Increasing use of general practice management and team care arrangements over time in New South Wales, Australia
Heidi Welberry A , Margo Linn Barr A B , Elizabeth J. Comino A , Ben F. Harris-Roxas A , Elizabeth Harris A and Mark Fort Harris AA Centre for Primary Health Care and Equity, Faculty of Medicine, Level 3, AGSM Building, University of New South Wales, Sydney, NSW 2052, Australia.
B Corresponding author. Email: margo.barr@unsw.edu.au.

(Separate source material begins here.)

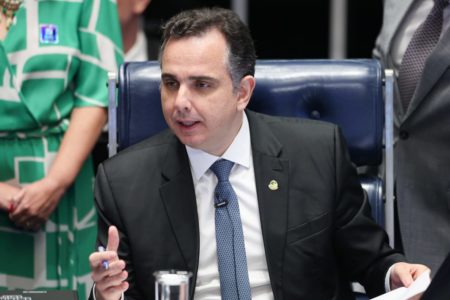 Rodrigo Pacheco (PSD-MG) preside sessão especial em homenagem aos 200 anos de fundação do Senado Federal, no plenário - Metrópoles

Australian Journal of Primary Health 25(2) 168-175 https://doi.org/10.1071/PY18113
Submitted: 31 July 2018 Accepted: 14 December 2018 Published: 12 March 2019
Abstract
The number of older people living with chronic health conditions is increasing in Australia. The Chronic Disease Management (CDM) items program was introduced to the Medicare Benefits Schedule (MBS) to encourage a more structured approach to managing patients with chronic conditions. Initial uptake was slow and recent research has suggested that uptake is decreasing. This paper examines: person MBS CDM claims in NSW between 2006 and 2014 — using baseline survey data (2006–09) from the Sax Institute’s 45 and Up Study linked to MBS and Death Registry data (2006–14) — and MBS CDM claims per 100 000 population — using billing data sourced from the Medicare Australia Statistics website — to systematically examine any changes in uptake using a time-series analysis. After age adjustment, claims for initial plans increased from 11.3% in 2006 to 22.4% in 2014. Increases were also seen for allied health service claims (from 4.1% in 2006 to 20.8% in 2014) and for plan reviews (from 5.9% in 2006 to 16.0% in 2014). These increases were consistent with the MBS summary claims data. There is evidence that these plans are appropriately targeting those in most need; however, there is limited evidence of their effect. Claims for plan reviews, although increasing, are suboptimal and may indicate poor continuity of care.
Additional keywords: allied health, care plan, chronic disease, plan reviews.